- [WHAT THE TASK REQUIRES] Copy the material below verbatim from the line with "This Charming completely" to the line with "A leather chair", both lines included, omitting pictures and every line outside that range.

--- PROVIDED MATERIAL Enclosed Below ---

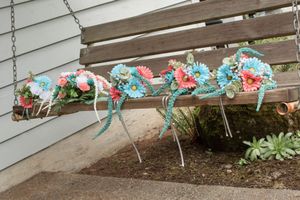 Colorful pink and blue floral bouquets with ribbons displayed on a wooden porch swing outdoors.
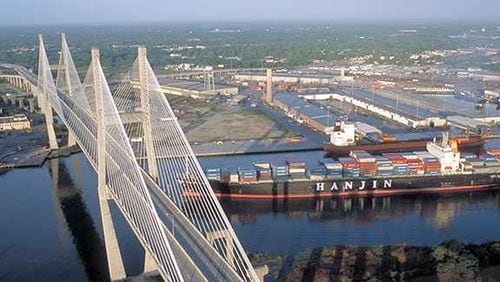 A cargo ship on the Savannah River passes under the Eugene Talmadge Memorial Bridge on its way to the Port of Savannah. AJC file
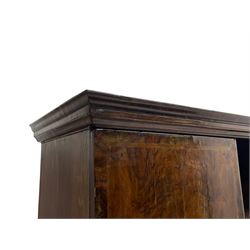 George II walnut cabinet on stand, the moulded projecting corner over two doors with quarter-matched veneered doors, the interior fitted with shelves, the stand with moulded upper rails over two drawers, on a series of spiral turned supports with shaped waved stretchers, on turned feet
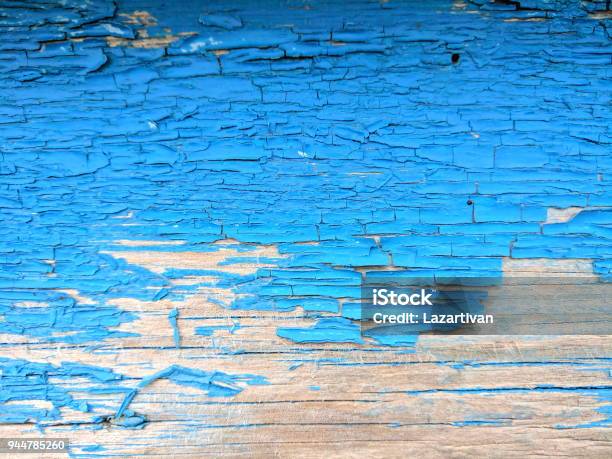 Wooden Texture With Cracked Blue Paint Old Pattern With Shabby Paint Cracked Blue Surface Abstract Background For The Designer Blank For The Designer Vintage Style Stock Photo - Download Image Now
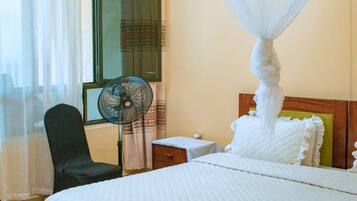 A hotel room with a bed, a standing fan, a chair, a nightstand, and a window with curtains.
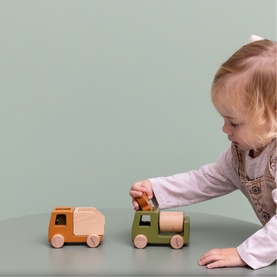 Toddler playing with Trixie wooden toy trucks in tan and green, on a grey surface against a sage green background
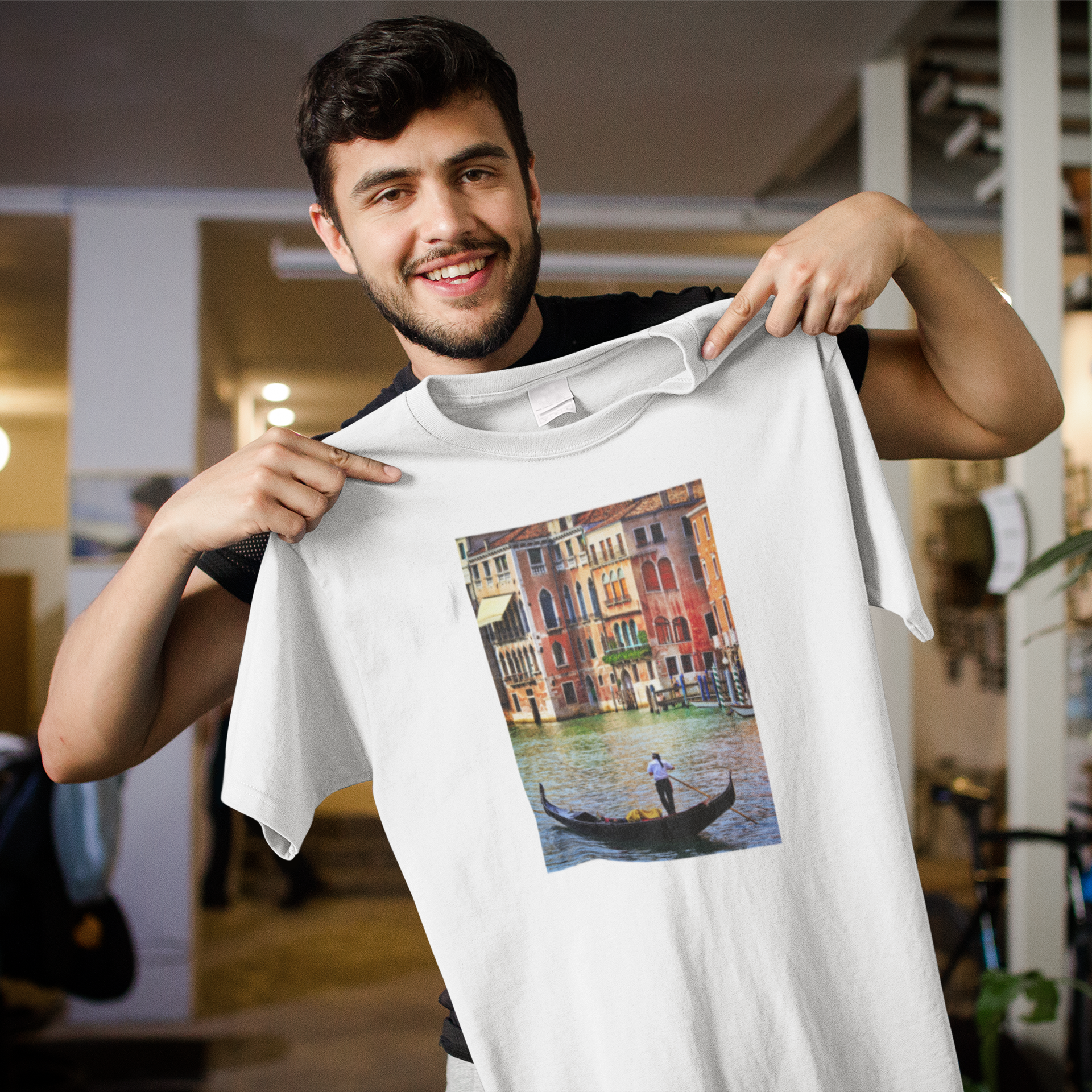 man holding a personalised t shirt with a picture on the chest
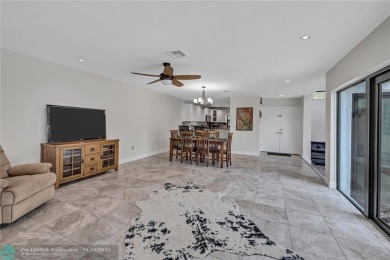 This Charming completely Renovated town home with IMPACT WINDOW on Jacaranda Golf Club in Florida - for sale on GolfHomes.com, golf home, golf lot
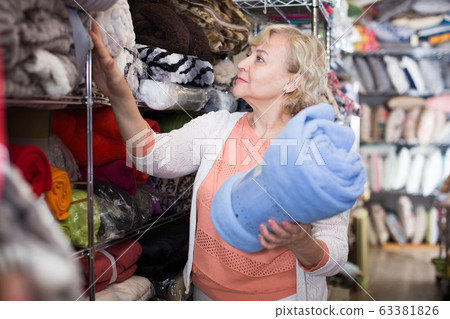 mature woman purchaser choosing soft plaids 63381826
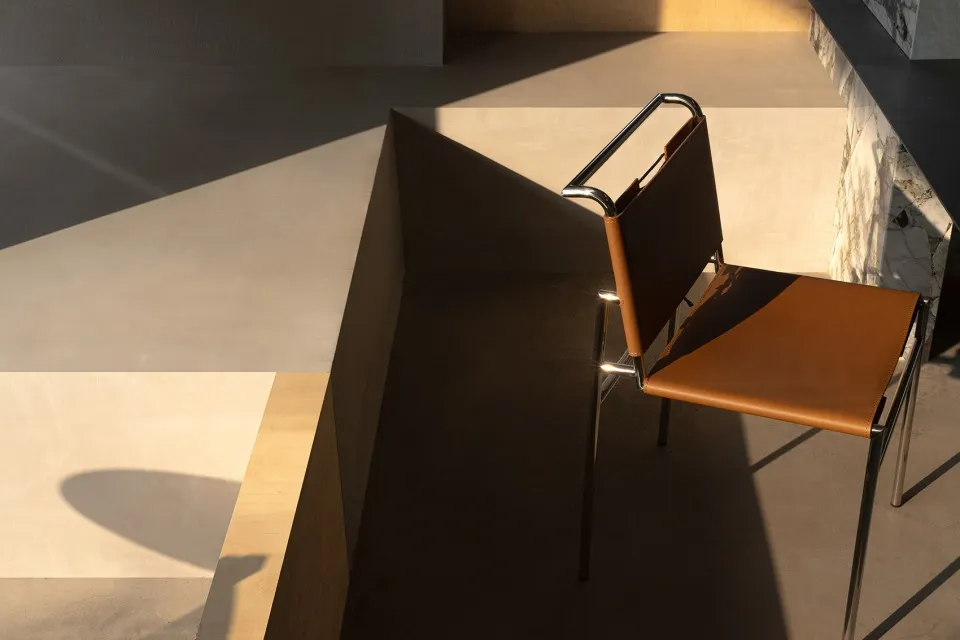 A leather chair sits on a hardwood floor in front of a wall, creating a comfortable and inviting atmosphere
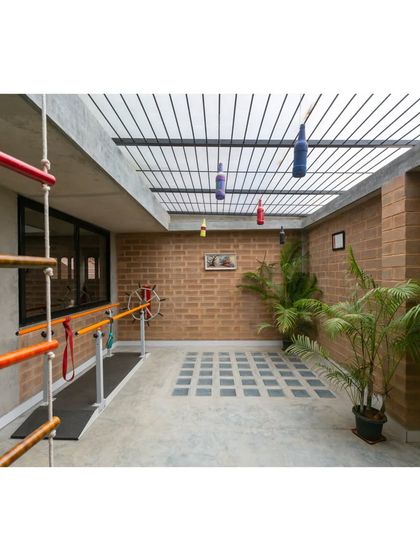 This covered outdoor therapy and play area allows children to engage in physical activities in a safe, naturally ventilated space. The use of simple, durable materials like brick and concrete ensures longevity.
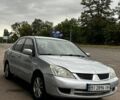 Сірий Міцубісі Lancer, об'ємом двигуна 1.6 л та пробігом 274 тис. км за 2690 $, фото 1 на Automoto.ua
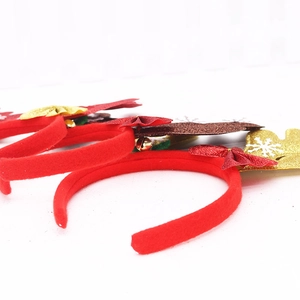 Sparkly reindeer antler headband set with red bows and gold bells for Christmas party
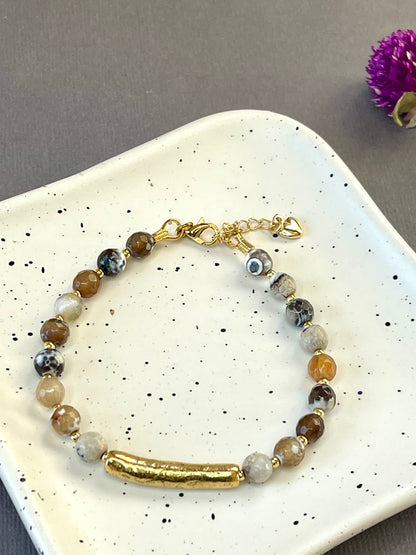 Peach moonstone and spotted agate bead bracelets with textured gold tone bars and adjustable clasps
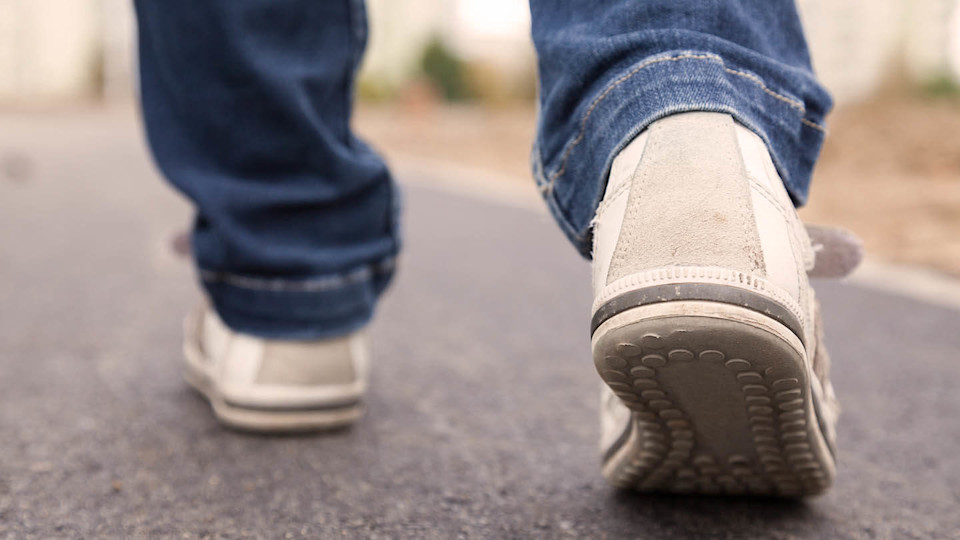 Newsroom - man's feet walking on pavement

--- End of Enclosed PROVIDED MATERIAL ---

- [WRITTEN ANSWER]
 This Charming completely Renovated town home with IMPACT WINDOW on Jacaranda Golf Club in Florida - for sale on GolfHomes.com, golf home, golf lot
 mature woman purchaser choosing soft plaids 63381826
 A leather chair sits on a hardwood floor in front of a wall, creating a comfortable and inviting atmosphere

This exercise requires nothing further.